Clean energy innovations
PhD student Soheil Mohseni wanted to study in a country that was a pioneer in renewable energy—so New Zealand was the obvious choice.
“People in New Zealand are actually installing renewable energy systems, not just talking about them,” Soheil says. “At least 50% of the energy in the electricity sector of New Zealand is supplied by hydropower, which is a clean energy source.”
Now Soheil is working with Professor Alan Brent from the University’s School of Engineering and Computer Science, looking at ways to deploy renewable energy systems on a large scale across the world.
“Despite falling costs and advancing green energy technologies, providing renewable energy to remote communities and the developing world is still a challenge,” Soheil says. “We’re looking at ways to create sustainable systems using whatever renewable power sources are available in an area, whether that’s wind, solar, hydropower, biomass, geothermal, or something else.”
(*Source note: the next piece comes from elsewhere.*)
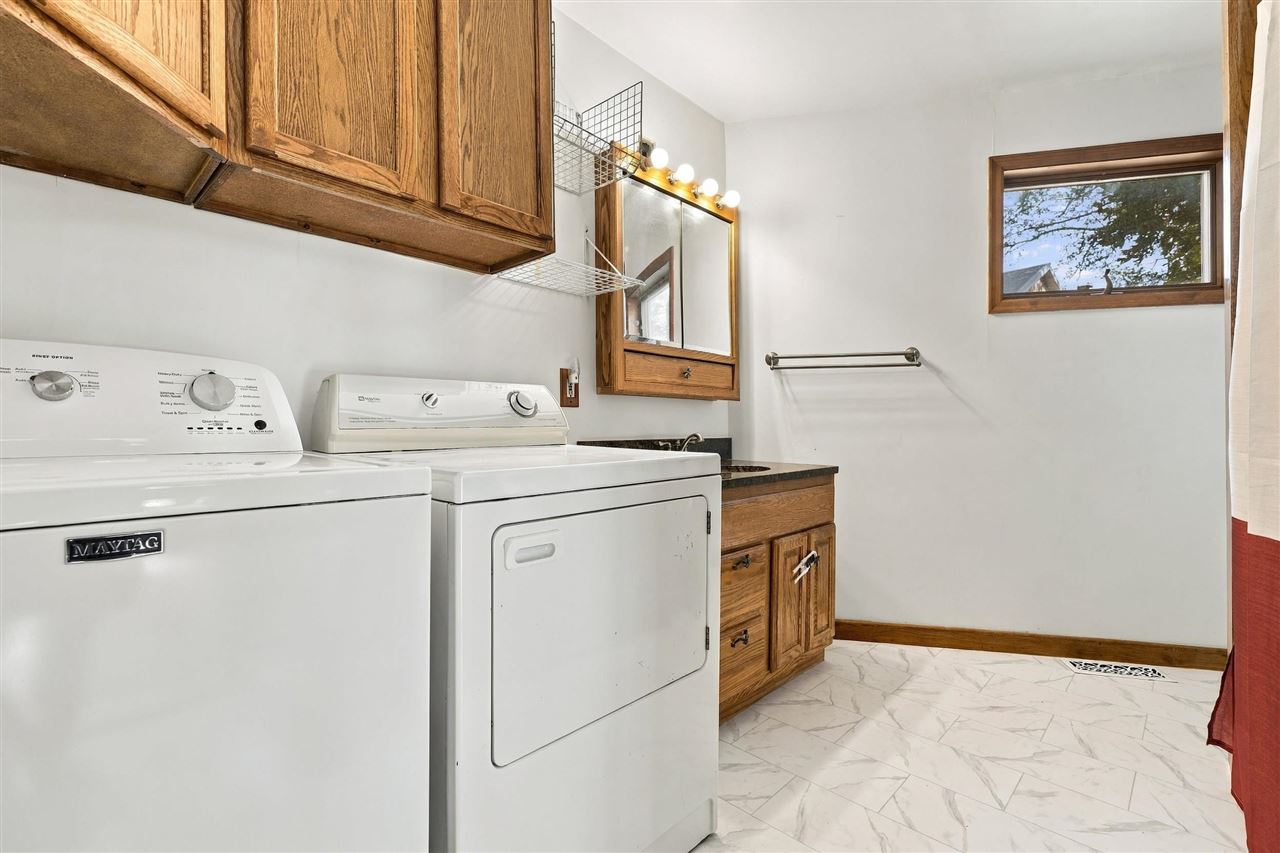 2750 Fern Cliff Road Wayland IA 52654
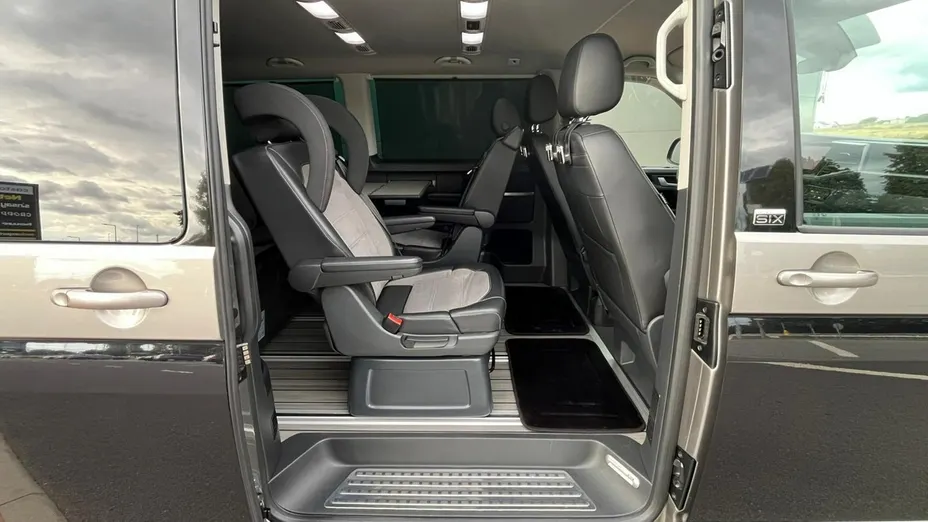 VOLKSWAGEN Multivan -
Soheil is looking at a number of different methods of improving renewable energy systems for remote areas, including using artificial intelligence to build systems more suited to these environments. “Artificial intelligence can help with complex optimisation problems, like picking the best mix of equipment for a renewable energy system,” Soheil says. “It can also help develop computer programmes that can analyse complex weather data and thus help predict when natural resources will be available to be turned into renewable energy.”
So far, Soheil and Professor Brent have demonstrated that it is technically and economically possible to roll out AI-powered renewable energy systems in three semi-remote New Zealand communities: the 400 people living on Stewart Island, a 1000-strong community in Ohakune that swells to 8500 people during skiing season, and a rural community of about 350 people in Fielding. The next step is collaborating with researchers from the University of Technology, Sydney.
“Australia is a world-leader in renewable electrification of remote communities, with renewable energy projects rolling out across the country,” Soheil says.
Soheil’s research is very technically complex, which he admits can be challenging at times.
“Recently it took me more than a month to diagnose a problem in the computer code I was working on,” Soheil says. “I ended up having to split all my code into small chunks and go through them one by one, before reassembling them into one piece of code.”
However, there are also lots of benefits to the work. Aside from their progress in helping remote communities, Soheil has also enjoyed the support he has received from the University and his time in Wellington.
“I’ve been given everything I need for my research, and I really appreciate that,” Soheil says. “Wellington is also a very friendly and vibrant city with a love for the environment.”
Soheil plans to continue working in sustainable development after he finishes his PhD.
“I’m passionate about bringing clean energy to people in remote communities around the world so they can power their schools, hospitals, and other public institutions without using fossil fuels,” he says. “My preference would be to stay in academia, but no matter what, my ultimate dream is to make a valuable contribution to climate change mitigation and social equity in energy transformation.”